Frustrated with the limited progress that he was making in the argument, Simon upped the ante and challenged Ehrlich to a wager. Ehrlich would choose a $1,000 basket of raw materials that he expected to become less abundant in the coming years and choose a time period of more than a year, during which those raw materials would become more expensive. At the end of that period, the inflation-adjusted price of those materials would be calculated. If the real price of the basket was higher at the end of the period than at the beginning, that would indicate the materials had become more precious and Ehrlich would win the wager; if the price was lower, Simon would win. The stakes would be the ultimate price difference of the basket at the beginning and the end of the time period.

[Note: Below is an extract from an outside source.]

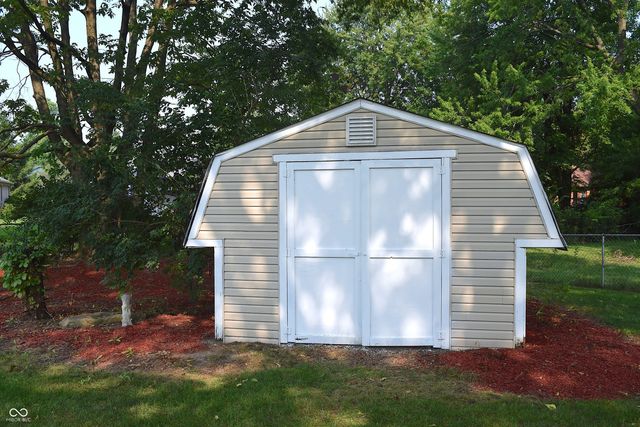8059 Harvest Lane, Indianapolis, IN 46256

Ehrlich chose copper, chromium, nickel, tin, and tungsten, and the $1,000 wager was sealed in a contract on 6 October 1980. Ten years later Simon received a cheque from Ehrlich in the amount of $576.07, dated 11 October 1990. Adjusted for inflation, the real price of the basket of metals had fallen by 36 per cent.

It should be noted that Simon originally proposed a $10,000 bet. After Ehrlich and his two partners (Harvard University scientist John Holdren and University of California at Berkeley ecologist John Harte) agreed to the idea, Simon reduced the amount to $1,000. He argued that the purpose of the wager was the principle, not the amount. Ehrlich and his partners complained about the reduced size of the wager. However, without this reduction, the Ehrlich trio would have lost $5,760.70 instead of $576.07. Simon reduced their losses by 90 per cent, saving them $5,184.63.

Was Simon Just Lucky?

A number of researchers have argued that Simon was lucky. Several have analysed prices of the same basket of metals over ten-year intervals, including Kiel, Matheson, and Golembiewski (2009), McClintick and Emmett (2005), and Perry (2008).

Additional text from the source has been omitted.